Print exactly the lines of the listing below from the one containing "X0000113300931200909281101" through the final line, both included, and no pictures.

—————

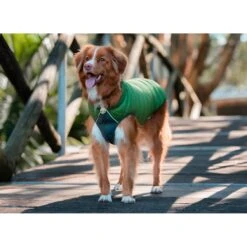 Red Dingo Mountains Stainless Steel Personalized Dog & Cat ID Tag 11 Red Dingo Mountains Stainless Steel Personalized Dog & Cat ID Tag -Blue Buffalo Shop 260330 PT1. AC SS1800 V1629733741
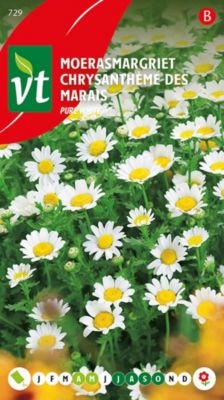 Chrysanthème Des Marais Pure White - Ca. 0,5 gr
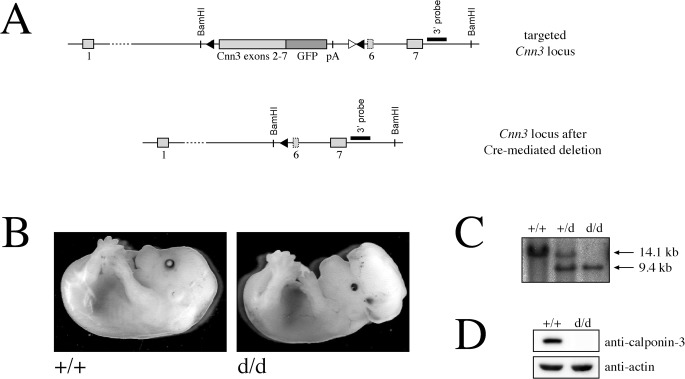 Fig 5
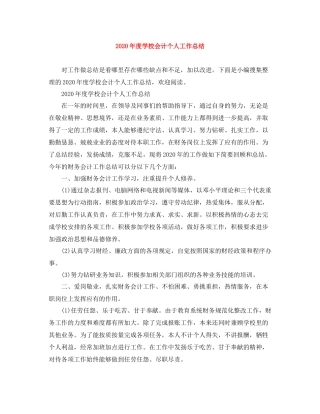 2020年度学校会计个人工作总结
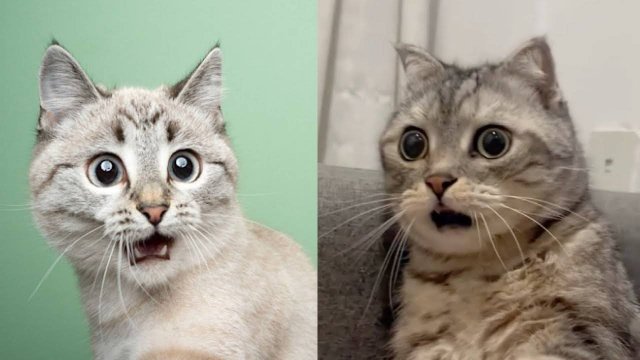 😼 Подборка смешных котов, постарайтесь не засмеяться! 😂 Смешные видео с котами, снятые на камеру!
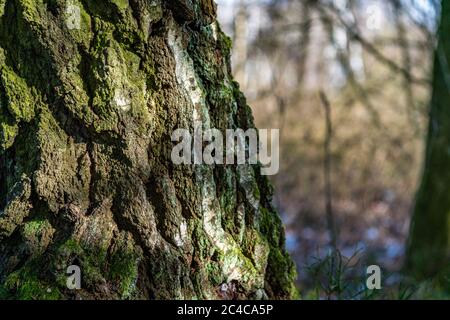 Das traumhafte Naturschutzzentrum Wilhelmsdorf mit einer faszinierenden Flora und Fauna Stockfoto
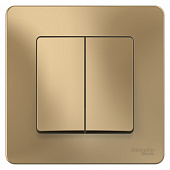 Купить Выключатель Schneider Electric Blanca BLNVS010504 двухклавишный титан по низкой цене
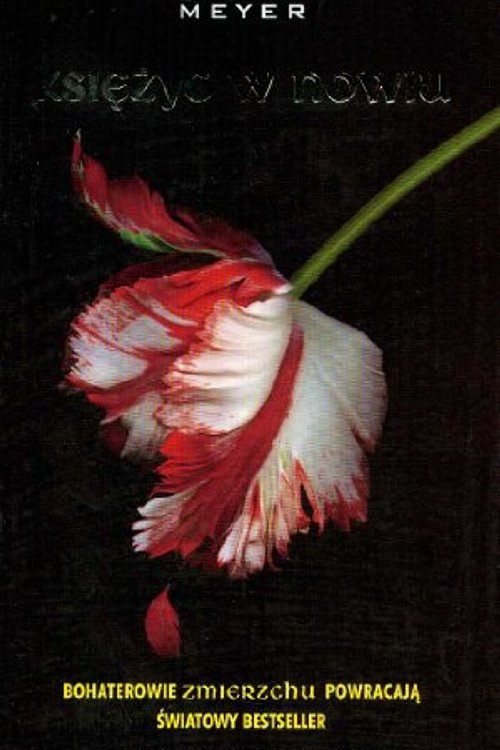 Cover Art for 9788324585397, Księżyc w nowiu by Stephenie Meyer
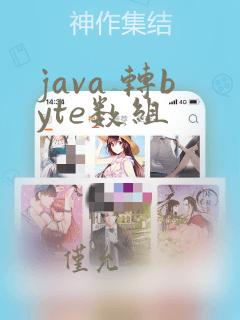 java 转byte数组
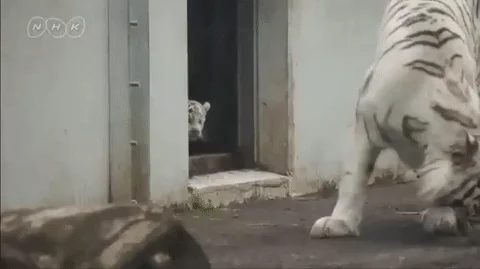Booo 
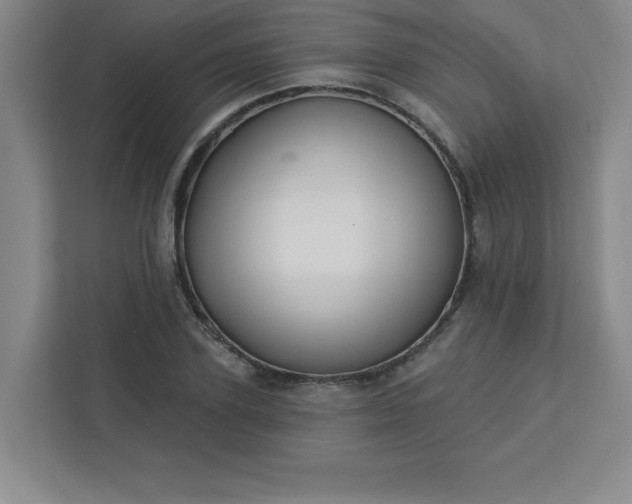 X0000113300931200909281101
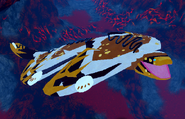 Piebald Cupuere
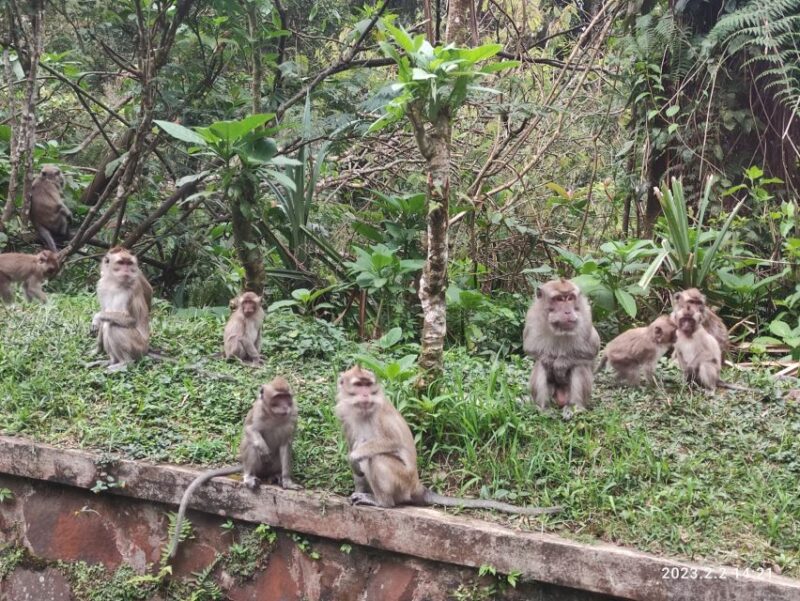 Jakarta: Volcano, Hot Spring, Tea, Rice Fields, &Coffee Tour - Customer Reviews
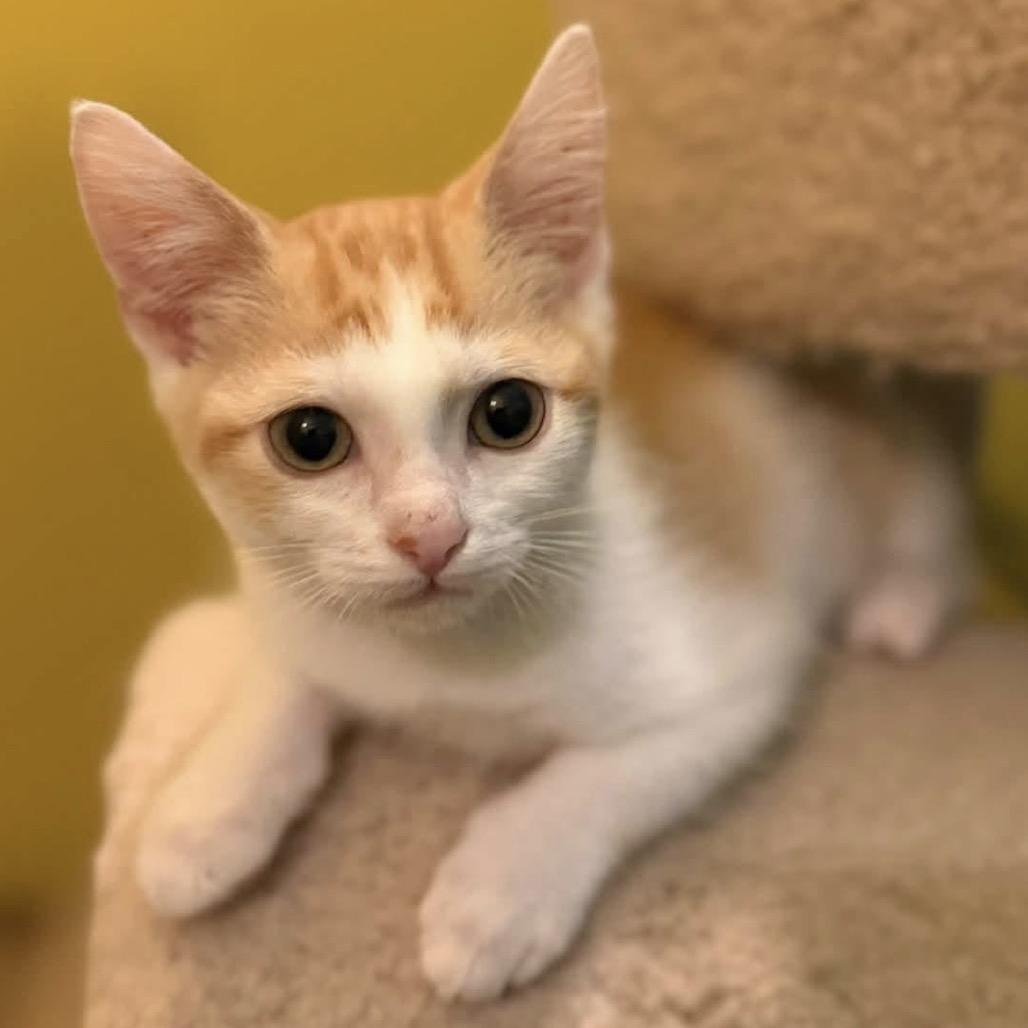 Zane, Adoptable, Kitten Male Domestic Short Hair.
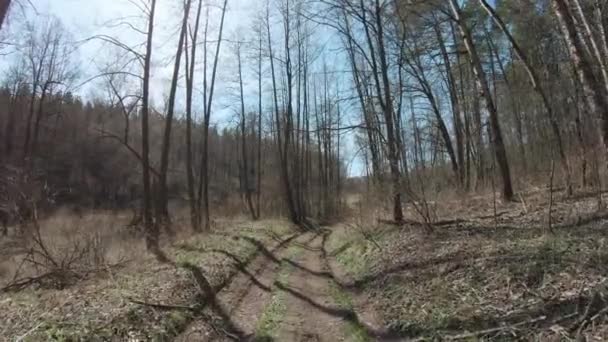Vuile weg in een dennenbos — Stockvideo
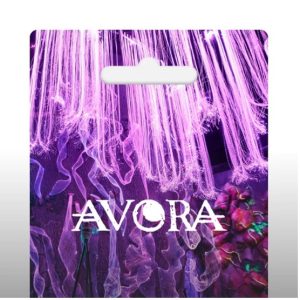 AVORA- New World Cocktail Experience Gift Card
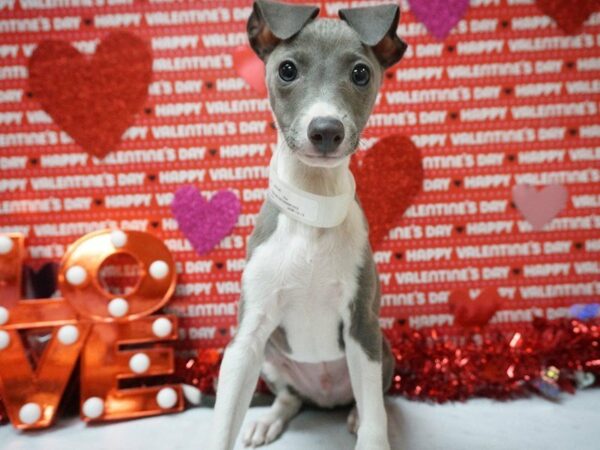 Italian Greyhound DOG Male BL, WH 20967 Petland Racine, Wisconsin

—————

■ **RESULT OF THIS TASK**
 X0000113300931200909281101
 Piebald Cupuere
 Jakarta: Volcano, Hot Spring, Tea, Rice Fields, &Coffee Tour - Customer Reviews
 Zane, Adoptable, Kitten Male Domestic Short Hair.
Vuile weg in een dennenbos — Stockvideo
 AVORA- New World Cocktail Experience Gift Card
 Italian Greyhound DOG Male BL, WH 20967 Petland Racine, Wisconsin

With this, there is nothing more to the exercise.